Collected data:

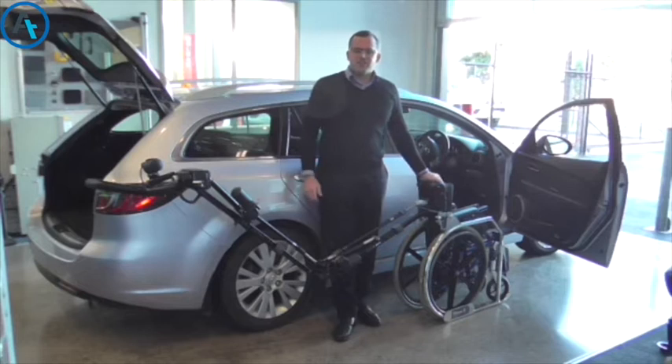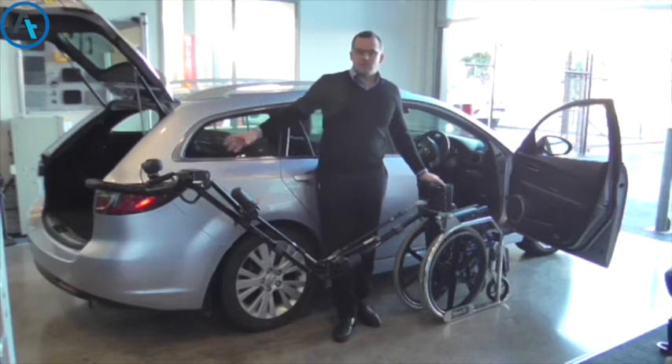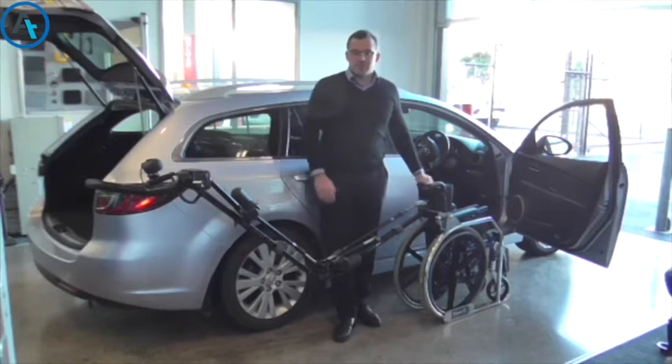Good morning, I'm Daniel from Autotransform and today's video is on a new product we have — a robotic wheelchair arm. This is to get the wheelchair in and out of your vehicle and up to the driver's door.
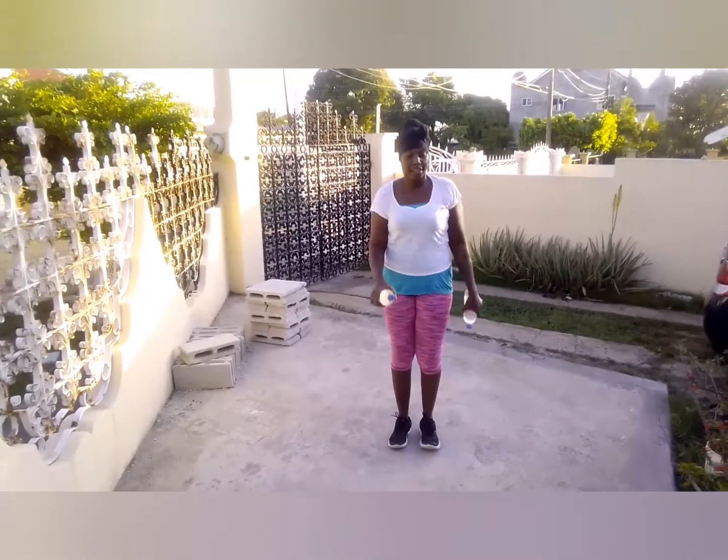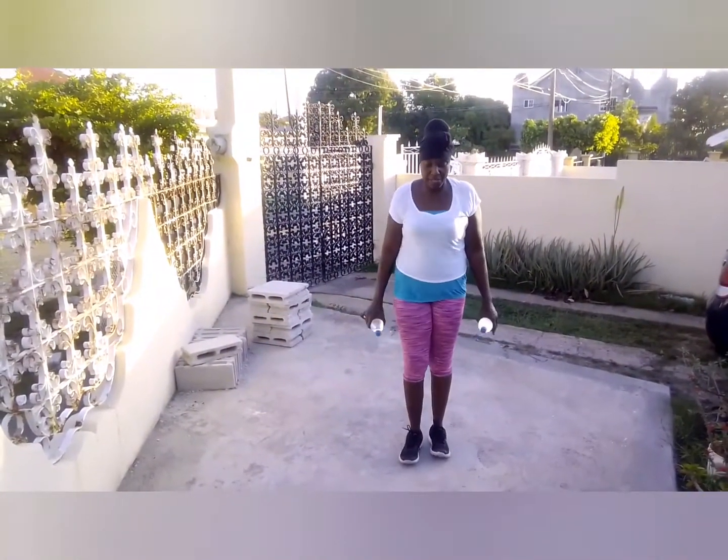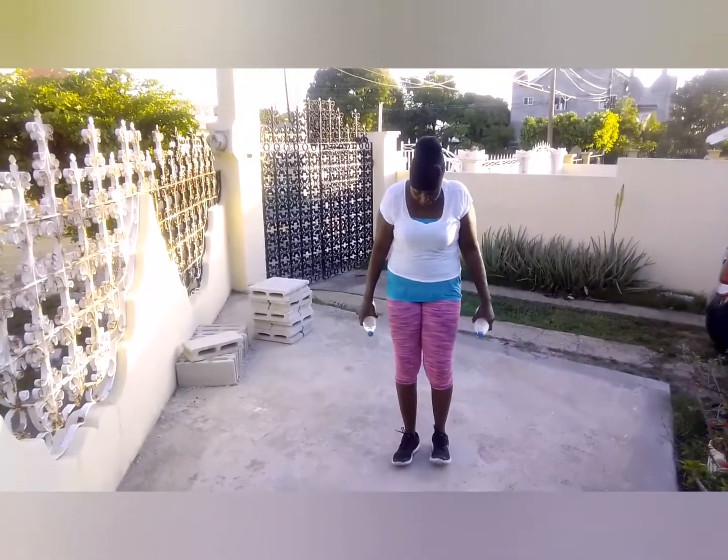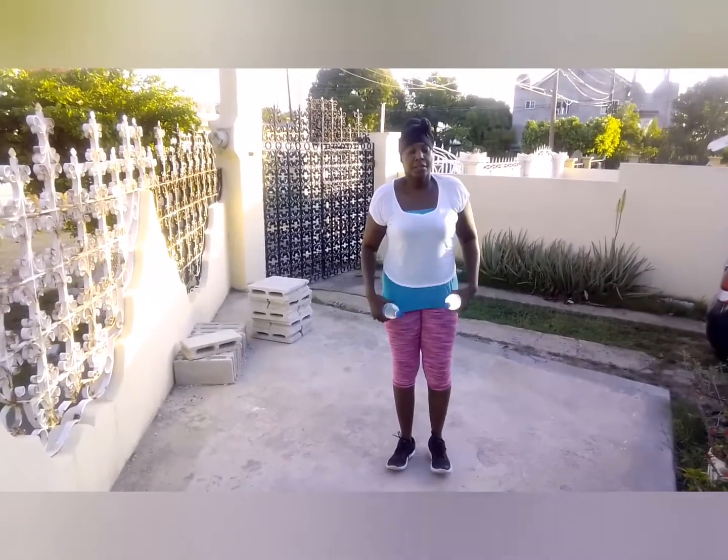Work it out if you're tired. Yes. Shake out the body if you're tired, okay guys. Shake out the body. Right? Alright.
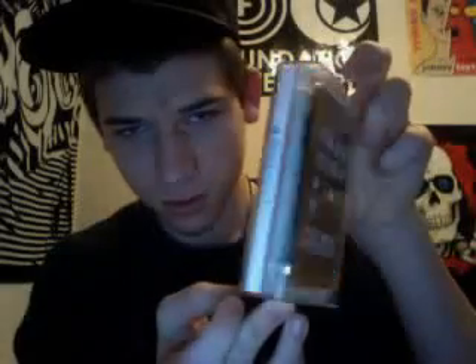Turn it right side up — here we go. It's a second generation iPod touch. How many gigabytes? 16 gigabyte iPod touch, second generation.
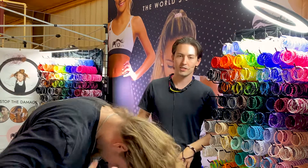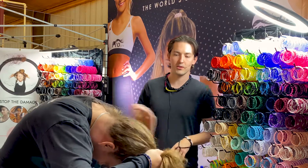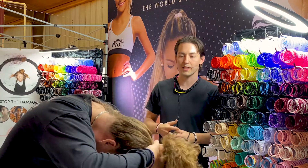Normally wear it. Just because his hair is so thick, we had to make it a little bit bigger. And you'll see here, whenever he wraps it the third time, it won't be super tight in his hair either.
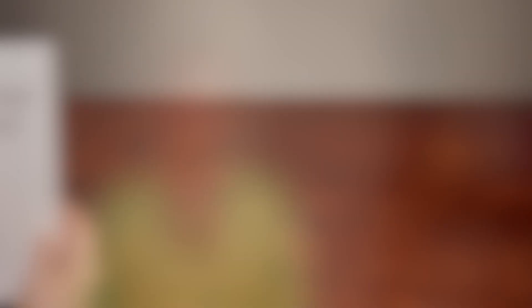You also get a nature hunt notebook. In each upcoming monthly box, you will receive two stickers of different nature friends to look for outdoors. When your child sees the friend, she can put the sticker in the notebook. While you're waiting for the first couple of stickers to arrive in your monthly box — and by the way, it's good for your child to have something to look forward to and to learn to wait for it.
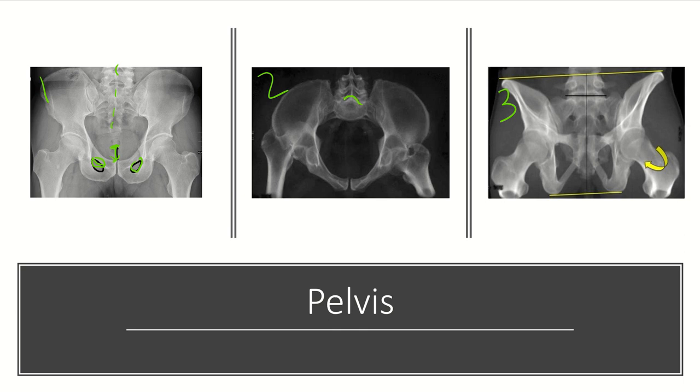On the pelvic inlet view, S1 should overlie S2. This is a good view to assess internal and external rotation of the pelvis, as well as anterior and posterior translation of the SI joint. On the pelvic outlet view, the pubic symphysis should be relatively at the level of S2. This is a good view to assess for vertical shear injuries, as well as flexion or extension of the pelvis.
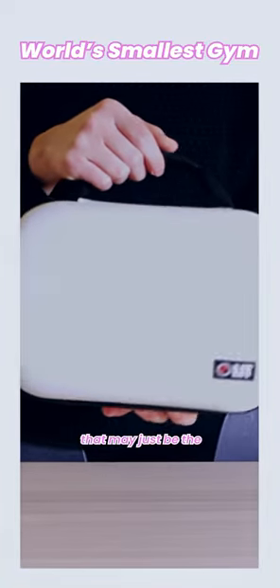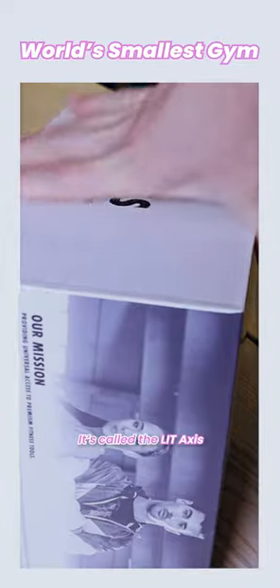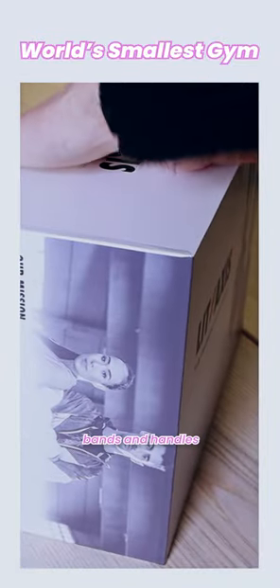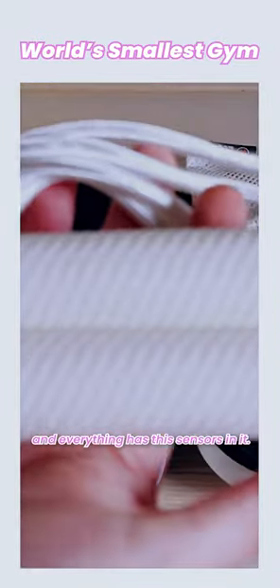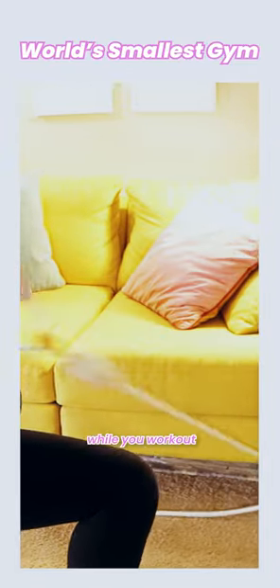I recently did a review on this product that may just be the world's smallest smart gym. It's called the Lit Axis and it's basically a set of different resistance bands and handles, and everything has these sensors in it. So basically it tracks all of your sets and reps and everything like that while you work out.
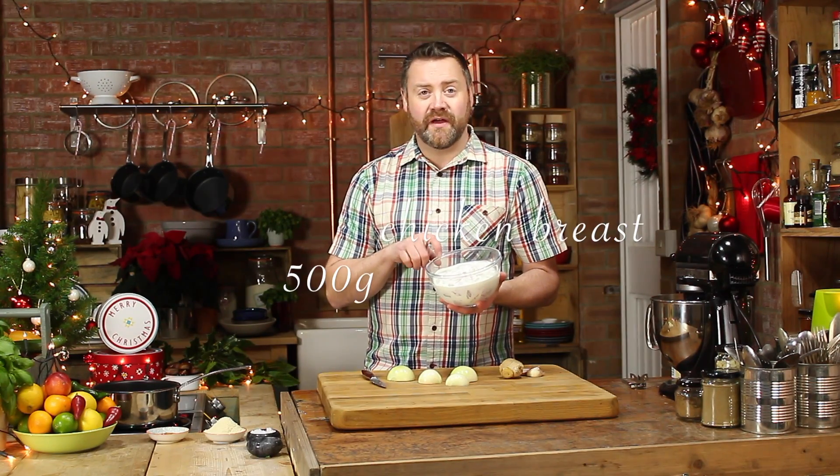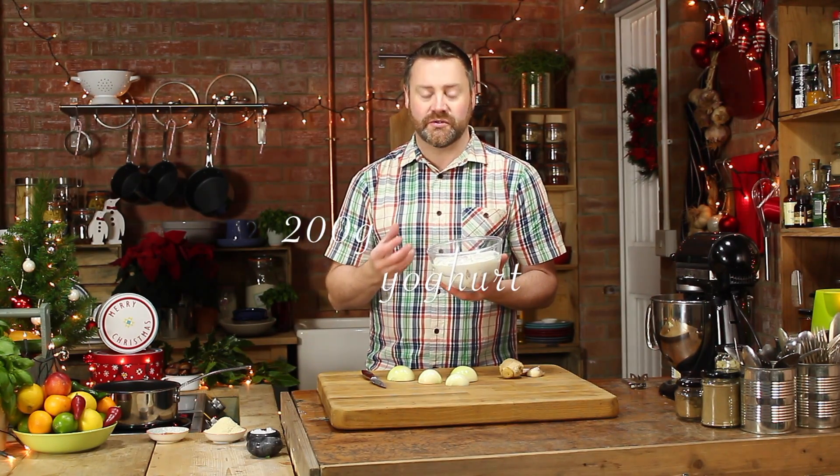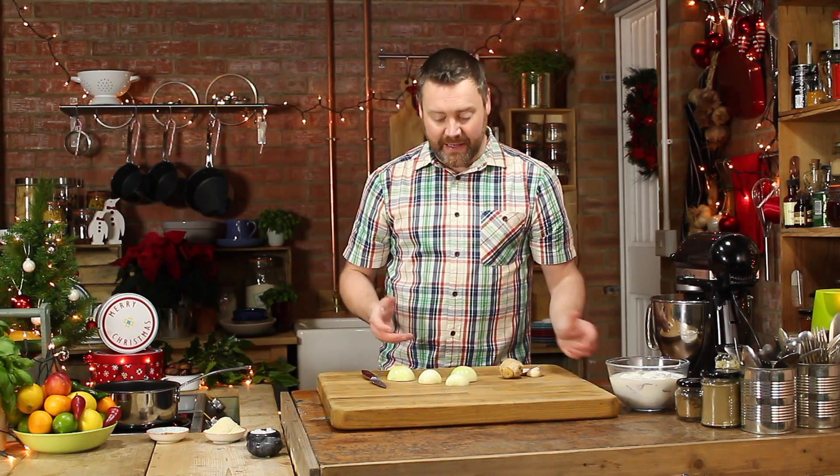I've already got 500 grams of diced chicken breast and 200 grams of yogurt here, and that's just gonna marinade — that's gonna help keep the chicken really moist whilst it cooks. So just set that aside whilst you prepare the base.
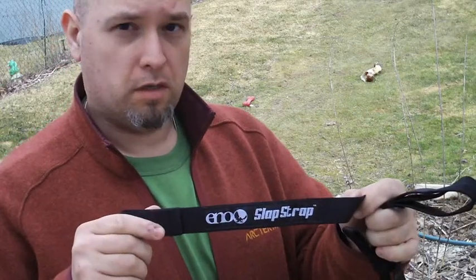Alright, so we're just going to do a quick little video on hammock suspension. I'm just going to use two types of strapping or suspension that I use to hook up my hammock. I'm going to show the ENO slap straps and I'll show some regular webbing using a couple of knots.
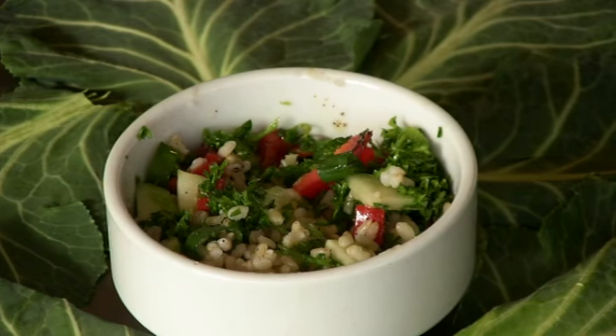Hi, I'm Debra Gartenstein with Quirky Gourmet. Today I'm going to show you how to make a rice and parsley salad. I'm using brown rice and dressing it with Mediterranean flavors, which go really nicely with the parsley.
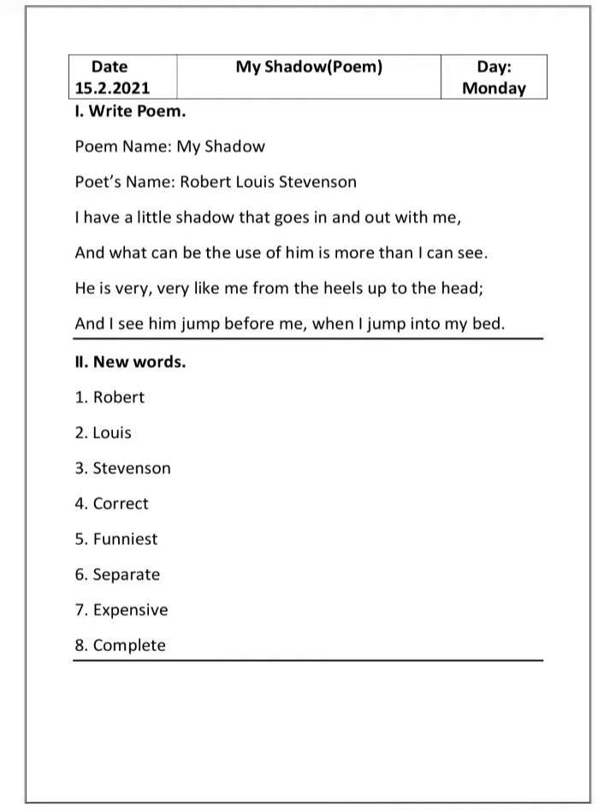Put a full stop and draw a line, children. Now we will see the second section: new words. Practice these spellings — first: Robert, second: Louis, third: Stevenson, fourth: correct, fifth: funniest, sixth: separate, seventh: expensive, eighth: complete. Second section also completed — draw a line, children.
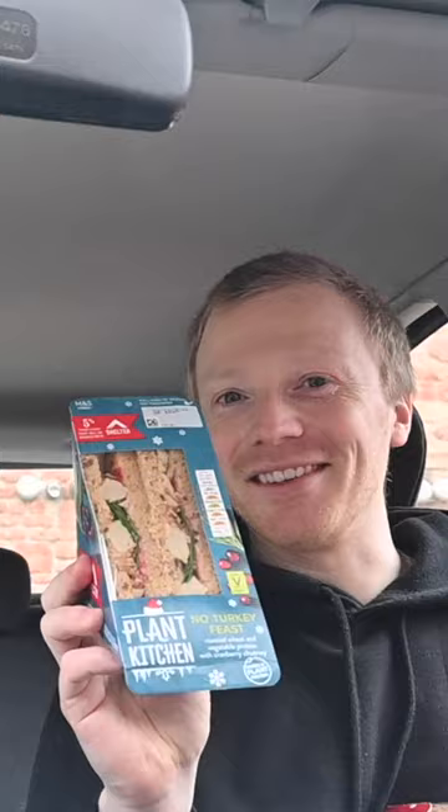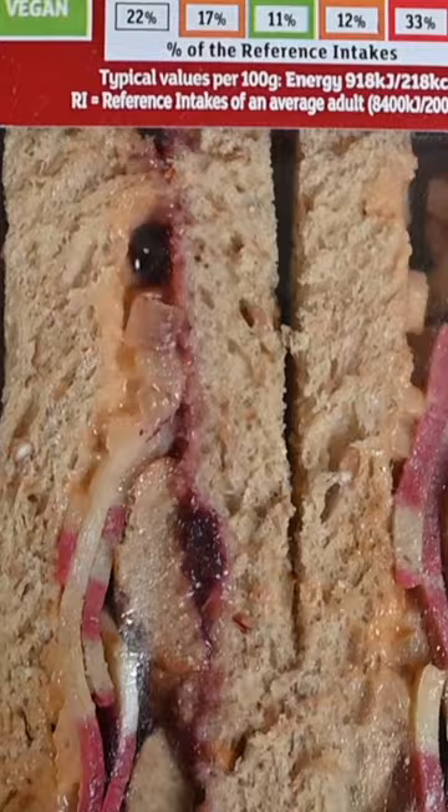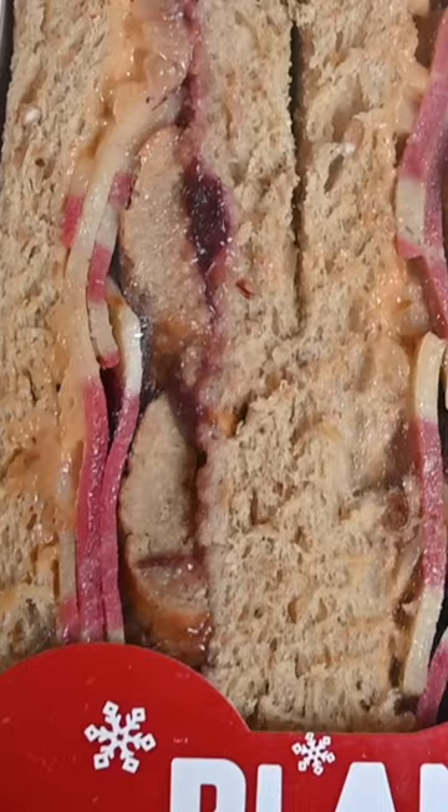Today we are trying out some vegan Christmas sandwiches from the high street. This is the Boots Vegan No Turkey Feast, the Co-op No Turkey Feast, and then I've got the M&S No Turkey Feast. The Plant Pioneers No Pigs Under Blankets. I would quite like to try the No Pigs Under Blankets.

What to produce: Set down exactly the lines running from the beginning of the entries above to the line that contains "Turn it right", including both, and leave out pictures.

Expected answer:
Good morning, I'm Daniel from Autotransform and today's video is on a new product we have — a robotic wheelchair arm. This is to get the wheelchair in and out of your vehicle and up to the driver's door.
Work it out if you're tired. Yes. Shake out the body if you're tired, okay guys. Shake out the body. Right? Alright.
Turn it right side up — here we go. It's a second generation iPod touch. How many gigabytes? 16 gigabyte iPod touch, second generation.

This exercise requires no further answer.